Thursday, March 02, 2006

I get it, almost

I posted the other day that I don't understand morose rural piety. I still don't. But at the time I wrote that I was in a very Zen mood, that little paradise I savor sandwiched between panic attacks. I very much enjoy them, though, knowing that the self-imposed stress will burst the dikes as soon as something goes wrong, as soon as I remember it's honors contract deadline week and my history professor won't help me because she's stodgy and I don't deserve it. I think the Swedes felt the same way about the sun, knowing it was only paying a visit and would soon be returning to the more hospitable parts of the globe.

When the above-mentioned zen blowout happened, I realized that I get it, just in a different way. I had just finished reading Siddhartha, and identified much with him -- his long journey from teaching to teaching and eventual rejection of teaching as a useful entity, and thus his celebration of life. Basking in that, I just couldn't delve into these archaic biblical verses of life as a miserable experience, with only the instrinsic value of being the road to something better. This is it, mannen.
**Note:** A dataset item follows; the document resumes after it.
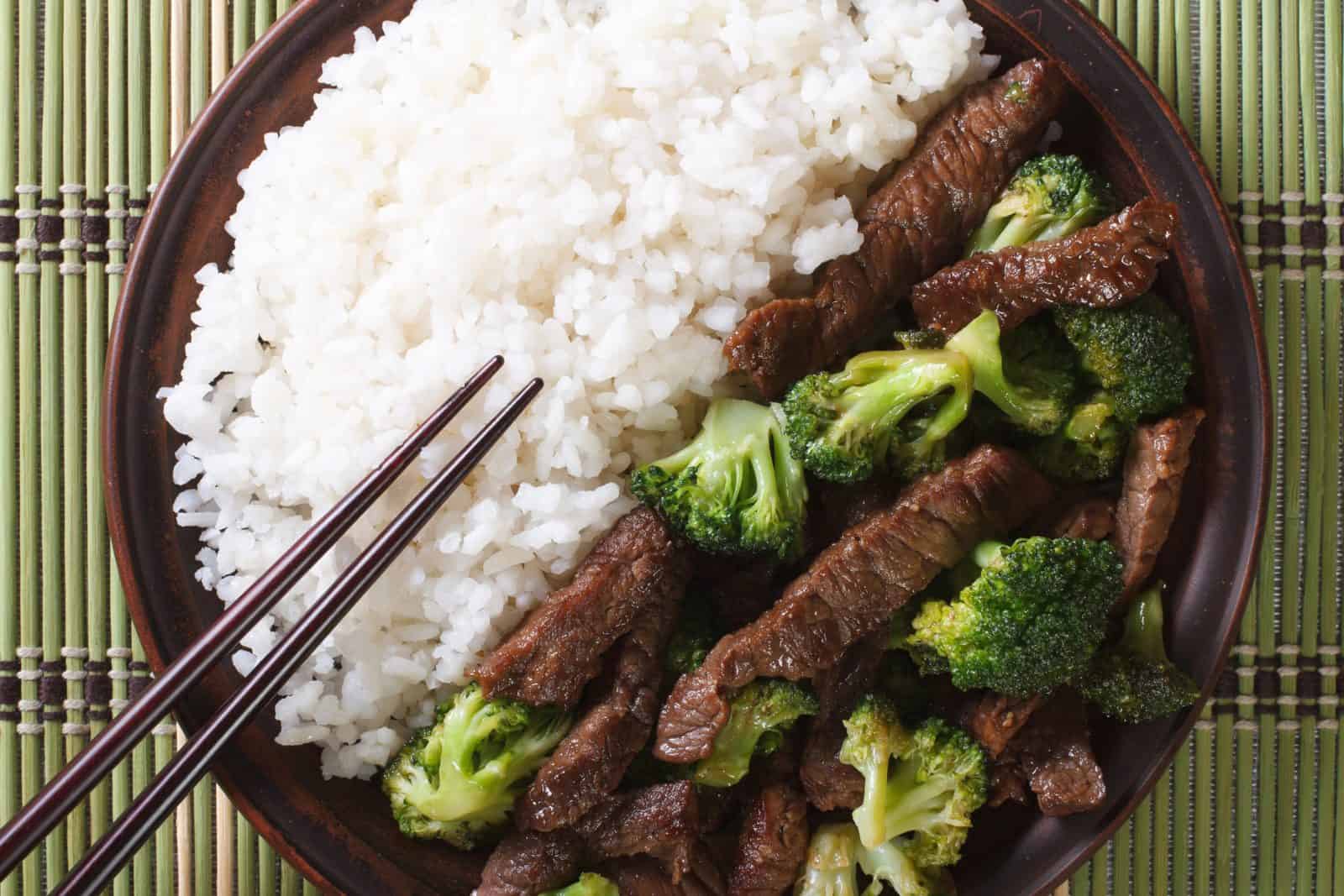 Beef and broccoli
Then, when shit piled up, I thought of killing myself. Now, let me temper that statement -- not seriously, but to achieve some kind of spiritual freedom, flying off. I've always done it, and I've always felt bad, whether for selfishness or desiring the easy way out. I've never been serious about it, and never had it in a teenage angst-ridden "I'm complex; no one understands me" kind of way. It's just always been a vision that jumps into my head whenever life is getting to me, and I suppose I've been told one to many times not to sit around and feel sorry for myself, so I can't bring it to the surface without feeling egotistically lessened.

I guess I just never really considered it, but reading into Eastern-themed literature again, I realized I'm simply craving nirvana in those little moments, but not an escape from suffering, an escape from the simplistic, empty droll of every day. So I suppose I understand the need to believe in something better than the concrete, I just can't view life as a wait for the end.

That said, I'm pretty happy -- now and then I'm co-opting a little of the Buddha's sublime grin and shrug of the shoulders, something I've denied myself the time and vision to have during college.


Chris Jones said...

I appreciate Camus on suicide--his belief that it's something a person ought to think very honestly about. Ask yourself every day, "What reasons do I have for not killing myself today?" It's a dangerous line of thought in a way, but it's no more dangerous than not thinking it.

I read Siddharta my junior year of high school. My English teacher gave it to me because I was a Republican then and she was trying to broaden my world.

Have you read much Camus? I think you'd love Camus.

Anonymous said...

"I'm co-opting a little of the Buddha's sublime grin" --> fabulous.